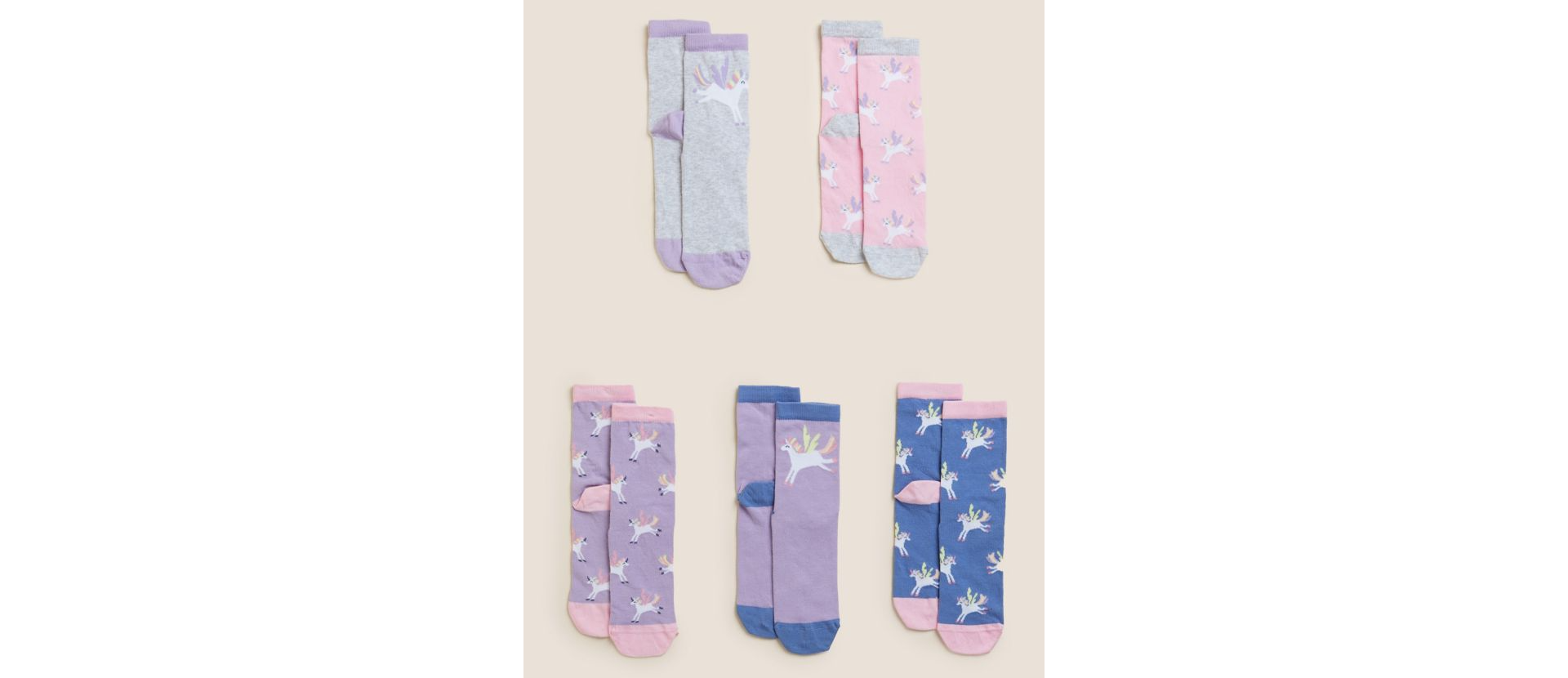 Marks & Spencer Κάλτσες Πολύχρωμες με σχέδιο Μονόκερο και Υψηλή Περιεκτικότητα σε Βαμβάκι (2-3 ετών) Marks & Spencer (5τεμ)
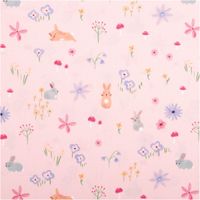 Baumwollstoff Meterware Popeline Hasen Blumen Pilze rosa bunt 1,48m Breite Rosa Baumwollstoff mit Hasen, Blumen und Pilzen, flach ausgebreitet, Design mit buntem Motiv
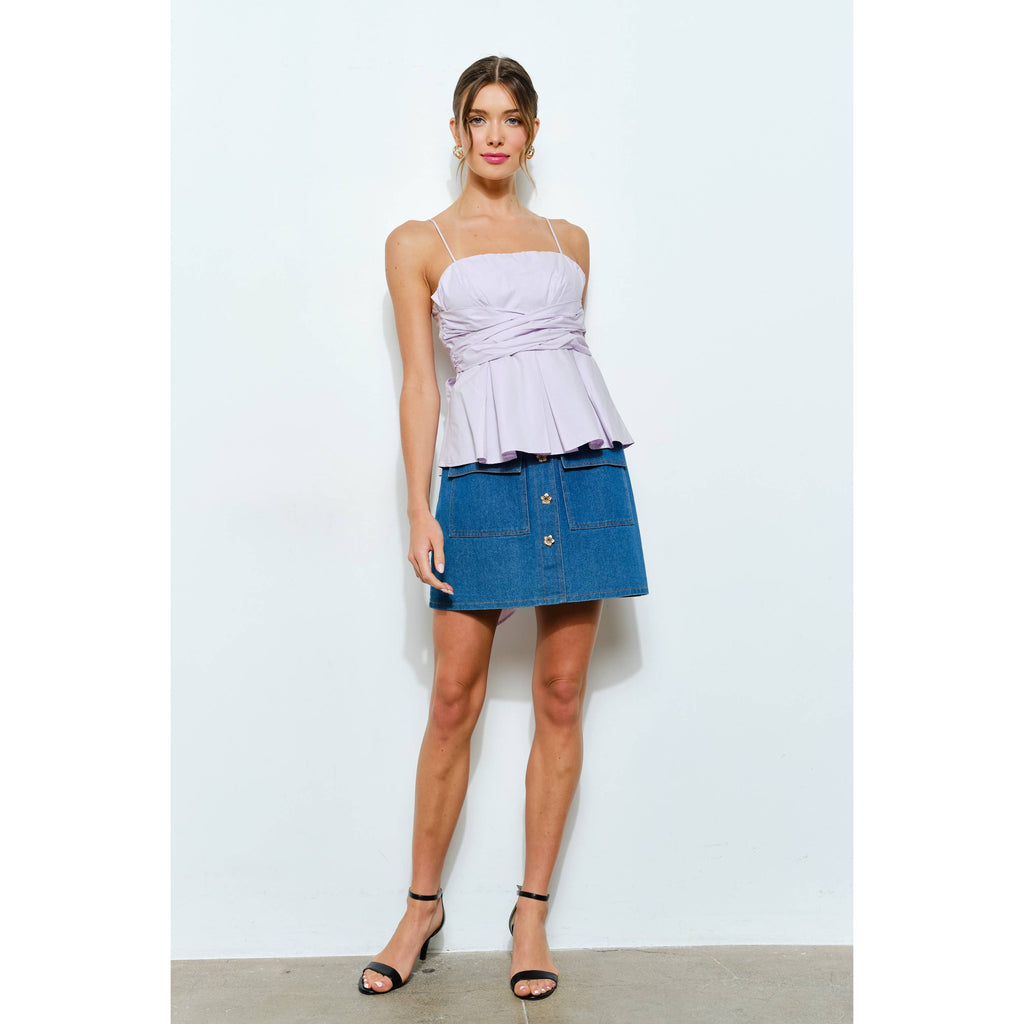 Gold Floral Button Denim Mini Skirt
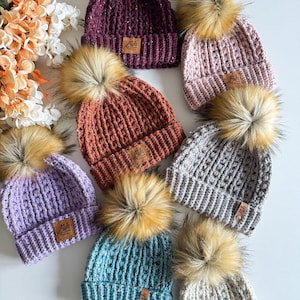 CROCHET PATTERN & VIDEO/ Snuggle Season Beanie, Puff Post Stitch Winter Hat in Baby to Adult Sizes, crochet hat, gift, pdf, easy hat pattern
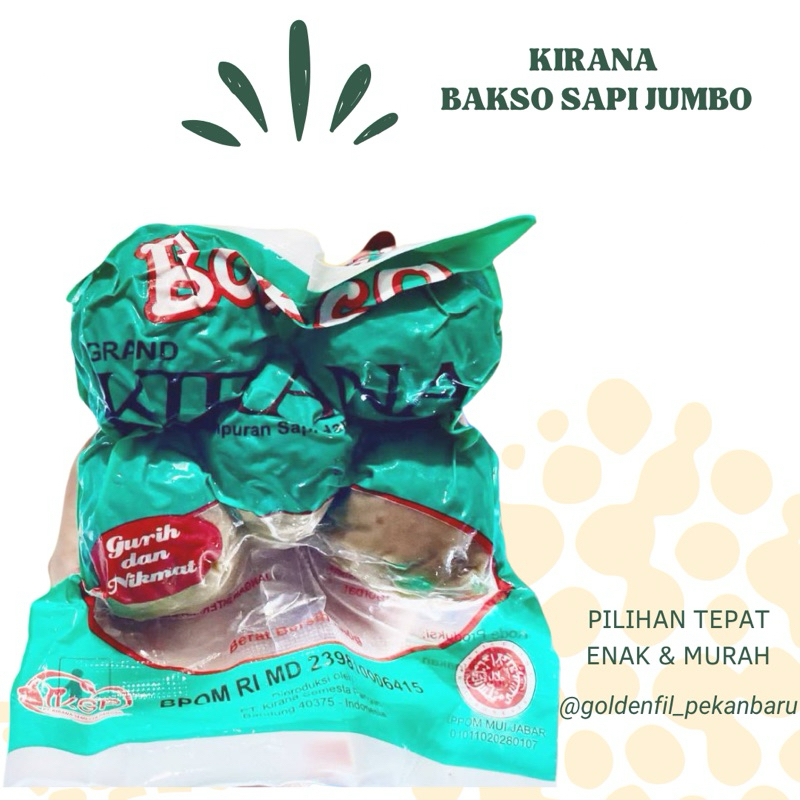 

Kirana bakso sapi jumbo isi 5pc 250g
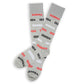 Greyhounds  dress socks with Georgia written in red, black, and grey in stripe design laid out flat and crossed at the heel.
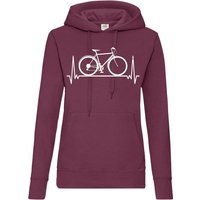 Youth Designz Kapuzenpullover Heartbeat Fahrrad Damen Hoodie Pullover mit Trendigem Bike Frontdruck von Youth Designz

==

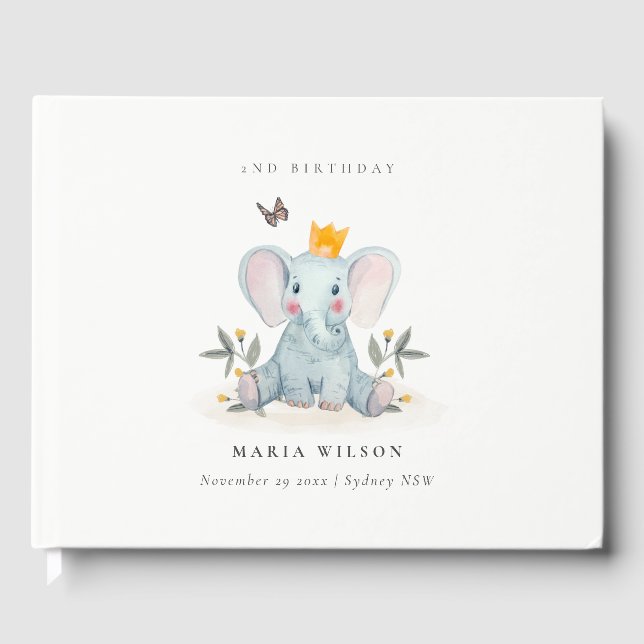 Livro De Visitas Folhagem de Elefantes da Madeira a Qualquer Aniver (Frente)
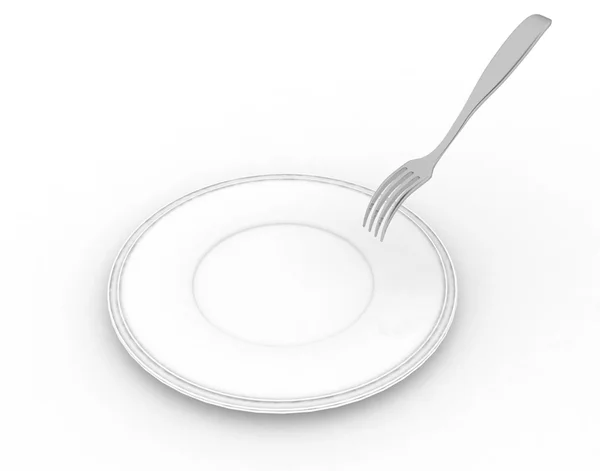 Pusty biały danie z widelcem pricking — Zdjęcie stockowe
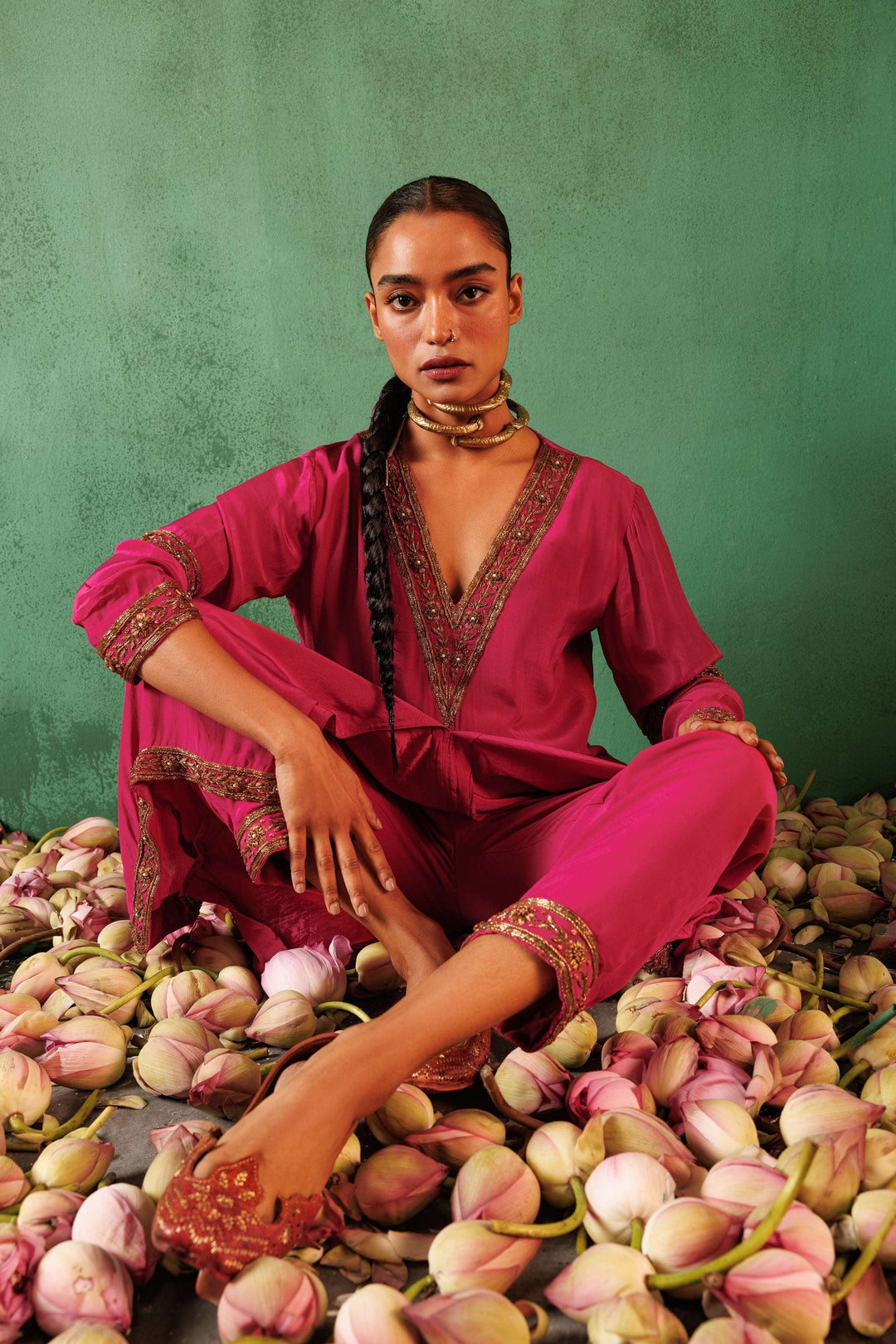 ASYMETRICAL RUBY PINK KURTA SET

* * *

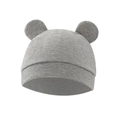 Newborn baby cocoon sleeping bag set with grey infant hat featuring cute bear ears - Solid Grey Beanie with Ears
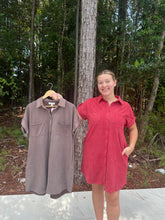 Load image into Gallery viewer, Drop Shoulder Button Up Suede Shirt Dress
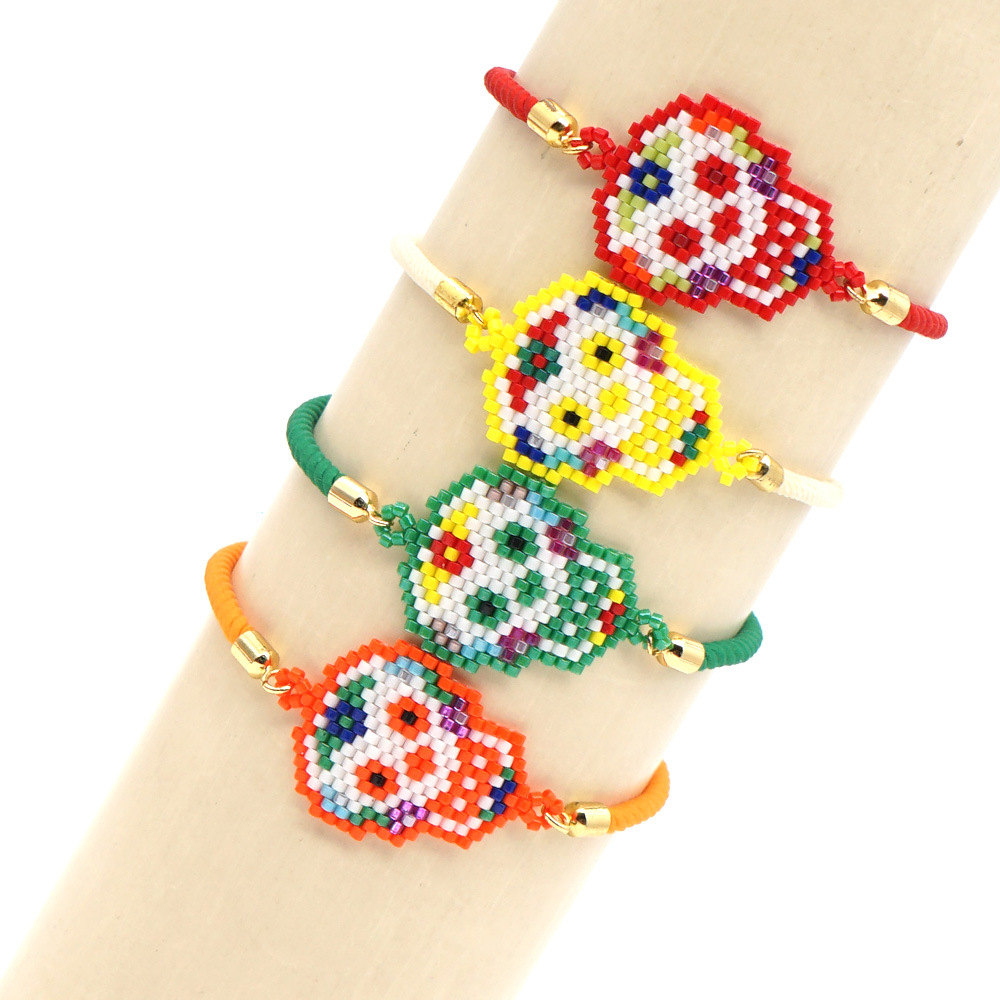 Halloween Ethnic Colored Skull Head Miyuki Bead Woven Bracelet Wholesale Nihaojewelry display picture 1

• **Task instructions**:
Looking above, find the stretch of lines that opens with the one holding "Pusty biały danie" and closes with the one holding "ASYMETRICAL RUBY PINK KURTA SET". Copy it exactly, pictures excluded.

• **Answer section**:
 Pusty biały danie z widelcem pricking — Zdjęcie stockowe
 ASYMETRICAL RUBY PINK KURTA SET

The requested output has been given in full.